Problem to solve - Word for word, please restate the line that contains "MANGO Women Beige" and all lines after it through the end of the material, minus the pictures.

Records for this exercise -
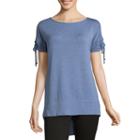 Liz Claiborne Short Ruched Sleeve Round Neck T-shirt-womens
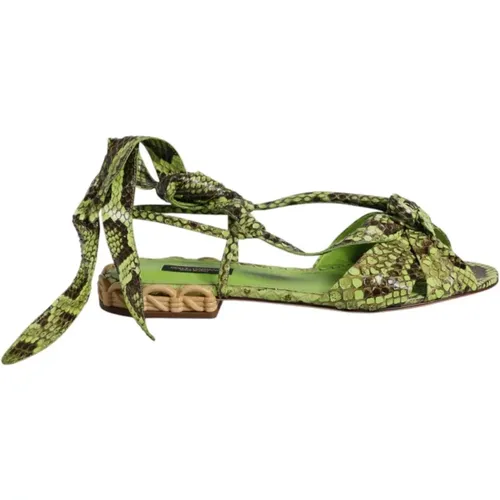 Flat Sandals, female, , Size: 7 US Animal Print Ankle Wrap Sandals - Dolce & Gabbana - Modalova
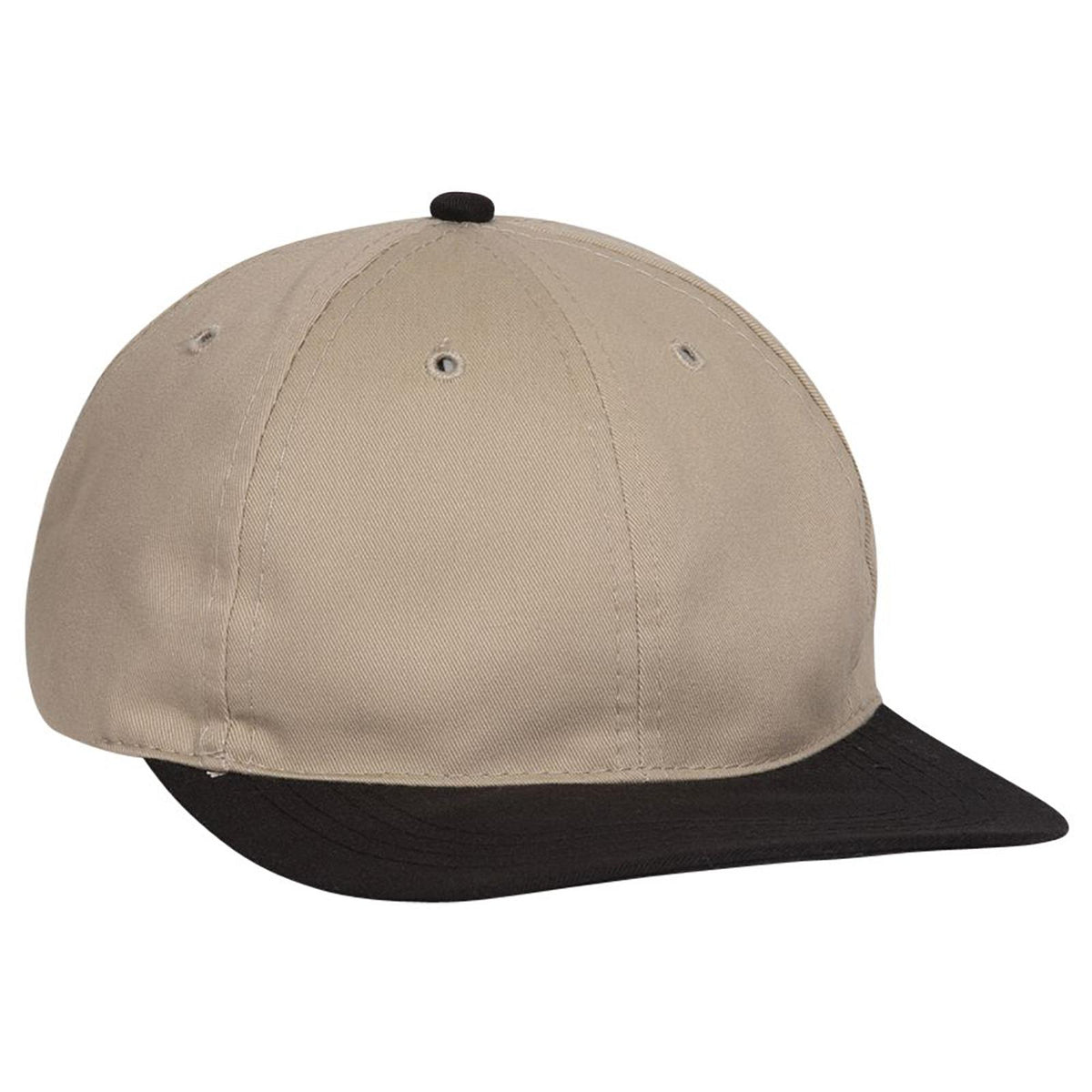 Right View of 0332 - Blk/Kha OTTO CAP 6 Panel Low Profile Baseball Cap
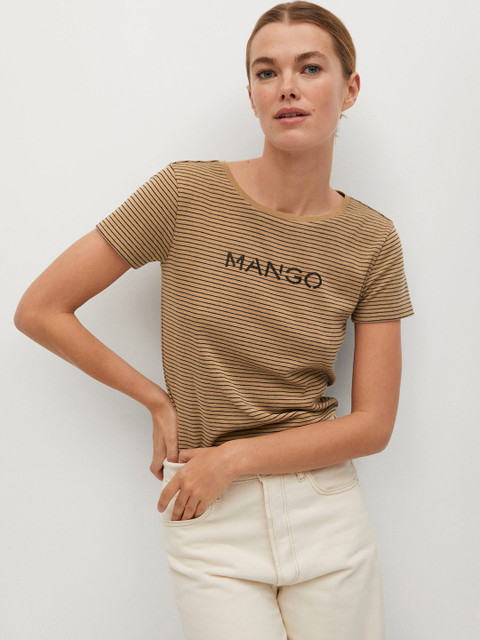 

MANGO Women Beige & Black Striped Organic Cotton Sustainable Round Neck T-shirt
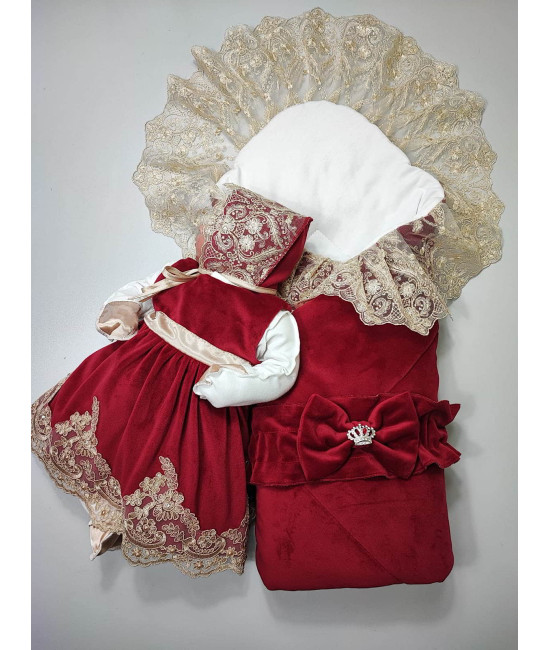 Комплект на выписку Бекки-Лея бордовый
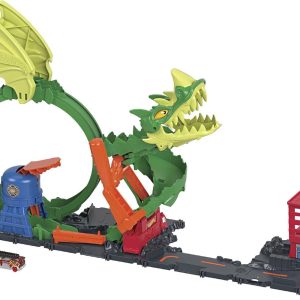 Hot Wheels City Dragon with Fire Truck, Track for Toy Cars (Mattel HDP03)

Solved exercise -
MANGO Women Beige & Black Striped Organic Cotton Sustainable Round Neck T-shirt
 Комплект на выписку Бекки-Лея бордовый
 Hot Wheels City Dragon with Fire Truck, Track for Toy Cars (Mattel HDP03)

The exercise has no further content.